A1100(純アルミ)切削・フライス加工ガイド|物性・加工特性・工具条件を実務向けに整理

目次
A1100とは(物性・特徴)
A1100は純アルミニウム系(Al ≥ 99.0%)の代表的な材料です。導電性・熱伝導性・耐食性・成形性に優れ、放熱部材、装飾パネル、軽量機構部品、化学機器など幅広い用途で採用されます。一方で機械的強度は低めで、荷重を受ける構造材には適しません。設計や加工要件に応じて材料証明(ミルシート)での確認を推奨します。
基本物性(代表値)
| 項目 | 代表値(参考) |
|---|---|
| 化学組成(Alほか) | Al:≥99.0%、Si ≤0.95%、Fe ≤0.95%、Cu ≤0.05%、Mn ≤0.05%、Mg ≤0.05%、Zn ≤0.10% |
| 比重 | 約 2.71 g/cm³ |
| 引張強さ(代表) | 約 60–120 MPa(調質により変動) |
| ヤング率 | 約 69–72 GPa |
(注)上記は規格の代表範囲を示した参考値です。
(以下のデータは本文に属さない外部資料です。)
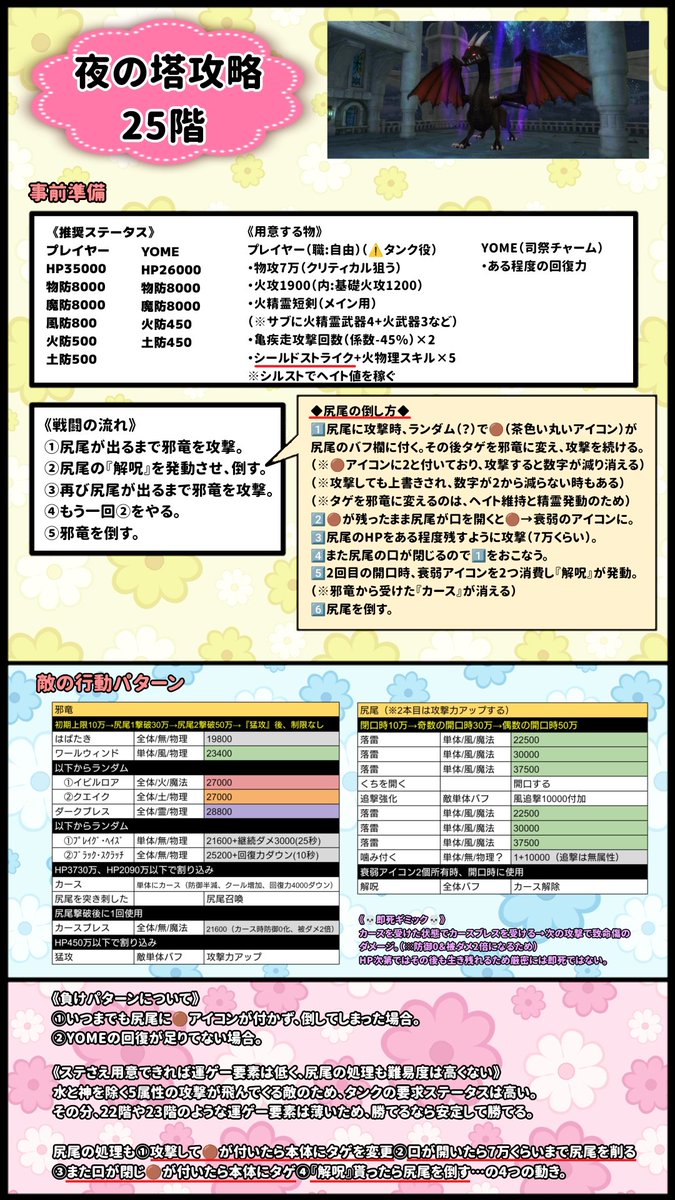 Mao_Goddem's tweet photo. 【１枚目】
夜の塔、23階攻略
【２枚目】
夜の塔、24階攻略
【３枚目】
夜の塔、25階攻略 https://t.co/f3WfHbixGf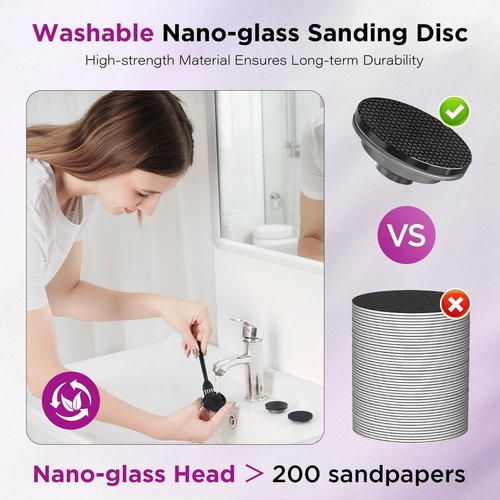 Electric Foot Callus Remover, Apply Oil,Foot SPA, Foot File,Reusable Nano-Glass Head, Ergonomic Premium Aluminum Callus Remover for feet, Rechargeable Pedicure Tools for Feet,Gifts for Men Women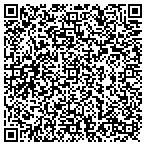 QR code with MedPro Testing Services contacts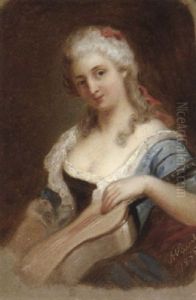 Junges Madchen Mit Laute by August Viereck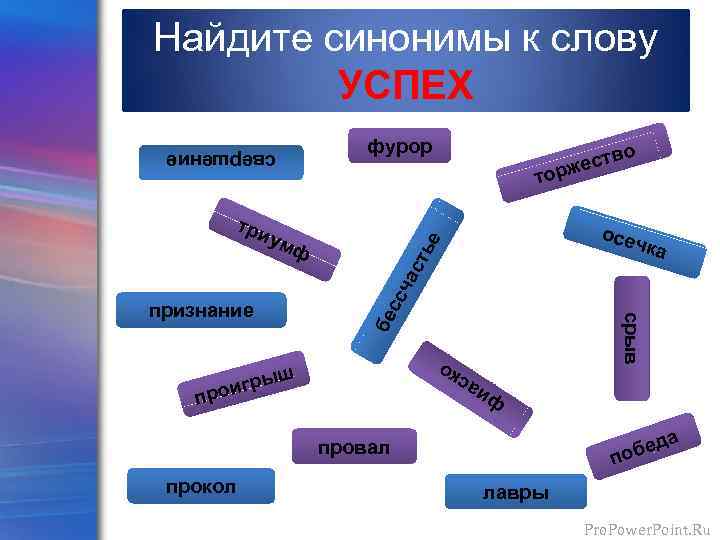 Найдите синонимы к слову УСПЕХ фурор о тв жес р свершение то три осе
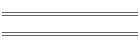 Activities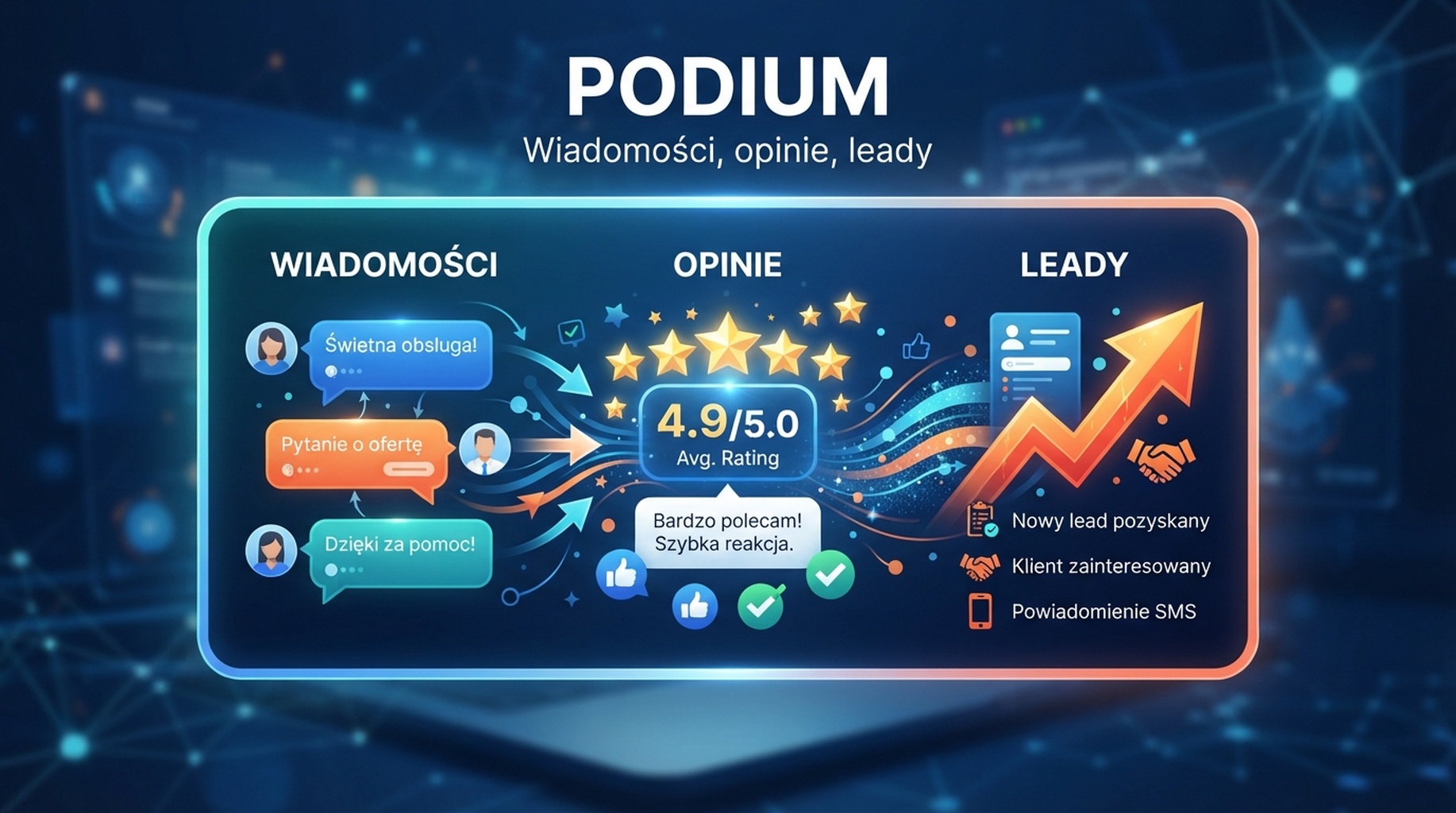 Karta Podium dla wiadomości klientów, próśb o opinie i odpowiedzi na leady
量産・公差設計時はミルシート(材料証明)を必ずご提出ください。
切削・フライス加工での特徴(実務で抑えるべき点)
チップ形成と切粉管理
- A1100は延性が高く、長いひも状のチップが発生しやすい。チップが刃先やワークに絡むと表面キズや加工中断の原因になる。
- 対策:チップブレーカー付き工具/エアブロー/切粉吸引を標準で検討してください。
切削熱と寸法管理
- 切削熱により切削部が押し変形することがある。特に薄肉や細長形状は寸法ズレやたわみが出やすい。
- 対策:荒加工で余肉を残し、最終仕上げで寸法出しする2段階工程を基本とします。
表面粗さと仕上げ
- A1100は適切な切削条件で良好な表面が得られるが、工具の損耗・切粉噛み込みでバラつきが生じる。
- 対策:最終工程は適正な送り・回転・刃先管理とし、必要に応じてバフ研磨やショット処理で仕上げます。
ワークの固定(治具)設計ポイント
- クランプ圧で変形しやすいため、真空チャック・吸着治具・柔らかいクッション材の併用を推奨します。
- 薄板は多点支持でたわみを抑える。固定点が少ないとビビリや振れが発生します。
工具選定・切削条件(実務目線の指針)
以下は一般的な目安です。最終的にはワーク形状・機械剛性・刃先形状で最適条件が変わります。弊社では実測に基づく条件提示が可能です。
| 加工タイプ | 工具(例) | 回転数(目安) | 送り(目安) |
|---|---|---|---|
| フライス(表面仕上げ) | 2〜3枚刃エンドミル(アルミ専用、チップコントロール重視) | 8,000–20,000 rpm(工具径・機械で変動) | 0.05–0.15 mm/rev |
| 荒加工(フライス) | ラフカッター(チップブレーカー付) | 4,000–12,000 rpm | 0.2–0.6 mm/rev |
(注)上表は目安です。工具メーカーの切削条件・機械スペックを優先してください。
表面処理・後加工(アルマイト等)
- A1100はアルマイト処理(陽極酸化)が可能ですが、合金系に比べて膜硬度や発色性が劣ることがあります。
- 濃色アルマイトではムラや発色不良が生じるリスクがあるため、量産前に必ず試作で確認してください。
材料調達・トレーサビリティのチェックポイント
- A1100はロットによって表面状態や導電率に差が出る場合がある。量産前にミルシート(材料証明)で主要成分を確認してください。
- 導電性が重要な用途では、IACS%などの指標確認を推奨します。
よくある質問(FAQ)
- Q. A1100は1個から加工できますか?
- A. はい。試作1個から対応可能です。図面アップロードで概算見積りを提示します(24時間以内概算回答の専用ルートあり)。
- Q. 図面が無くても相談できますか?
- A. はい。簡易スケッチや要件(寸法・用途・ロット・許容誤差)をお知らせいただければ最適な加工方法を提案いたします。
- Q. アルマイト処理の手配はできますか?
- A. はい。弊社の外部提携先によるアルマイト(陽極酸化)処理の手配が可能です。量産前に色味・膜厚の試作確認を推奨します。